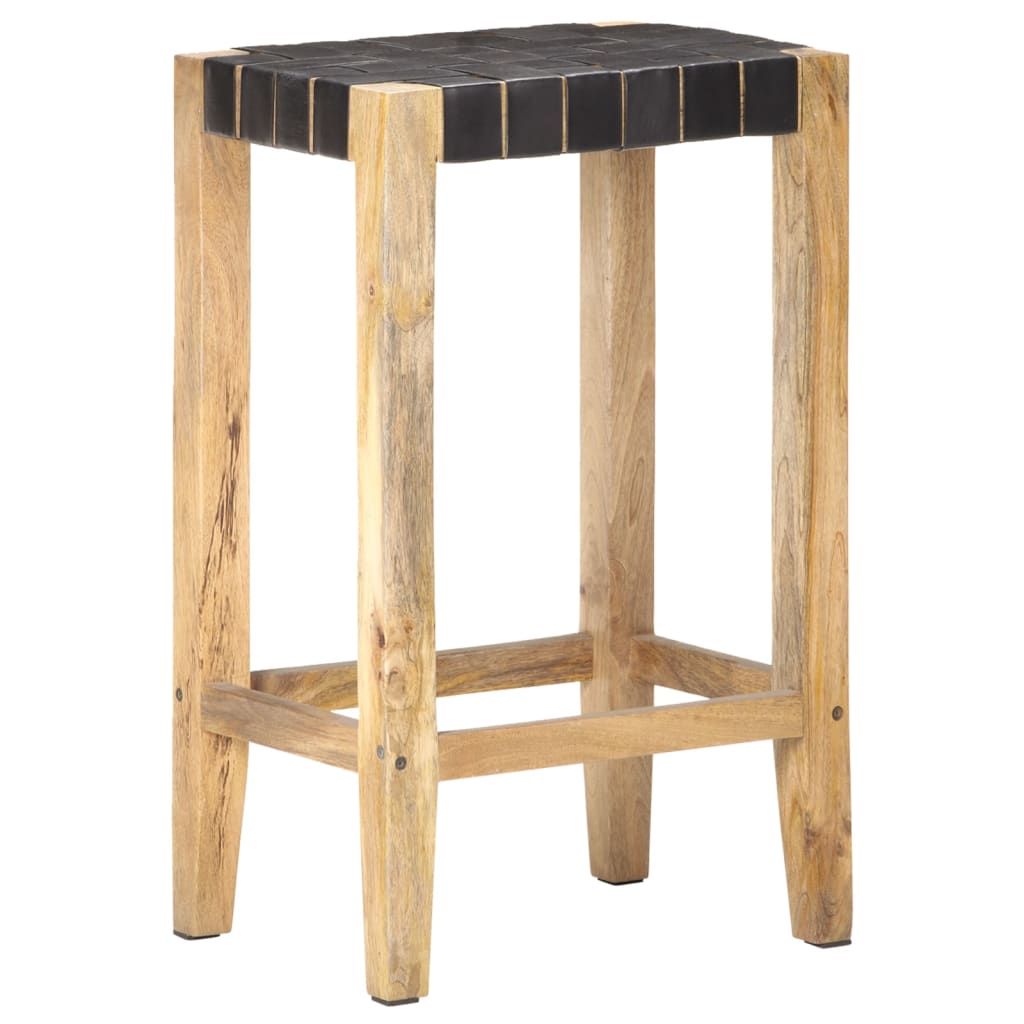 vidaXL Stołki barowe, 2 szt., czarne, skóra naturalna , 75 cm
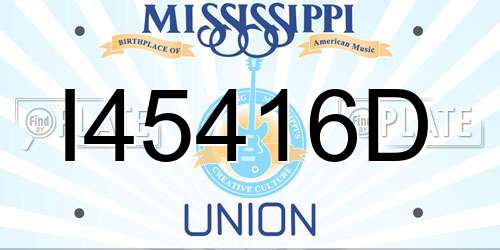 I45416D Mississippi License Plate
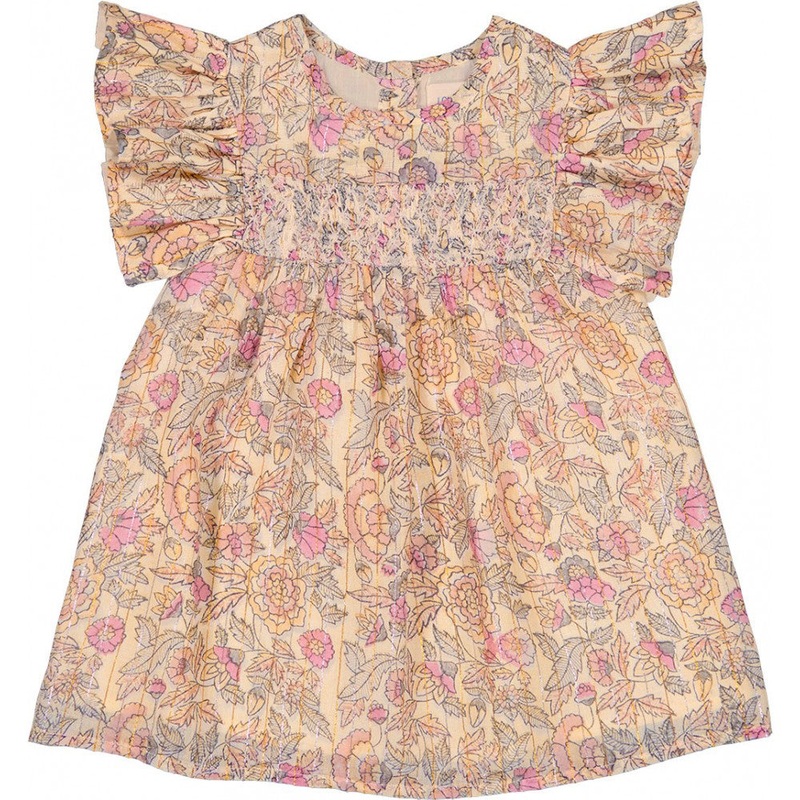 Louis Louise Dress Micka Stripe Lurex Indian Flower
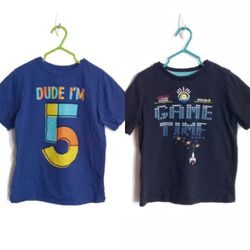 Boys Game Time graphic and Dude I'm 5 blue short sleeve t shirts bundle size 5 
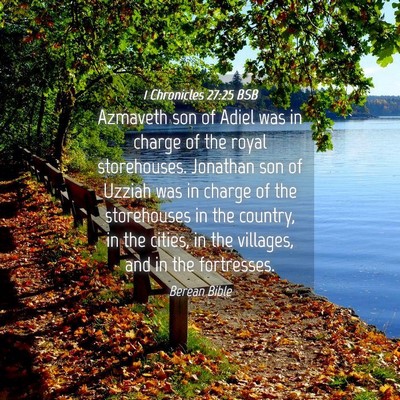 Picture 04 - 1 Chronicles 27:25 BSB - Azmaveth son of Adiel was in charge of the royal - Bible Verse Picture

THE TASK: Your job is to reproduce the material exactly. Keep pictures out of it.

RESPONSE TO THIS TASK:
 vidaXL Stołki barowe, 2 szt., czarne, skóra naturalna , 75 cm
 I45416D Mississippi License Plate
 Louis Louise Dress Micka Stripe Lurex Indian Flower
 Boys Game Time graphic and Dude I'm 5 blue short sleeve t shirts bundle size 5 
 Picture 04 - 1 Chronicles 27:25 BSB - Azmaveth son of Adiel was in charge of the royal - Bible Verse Picture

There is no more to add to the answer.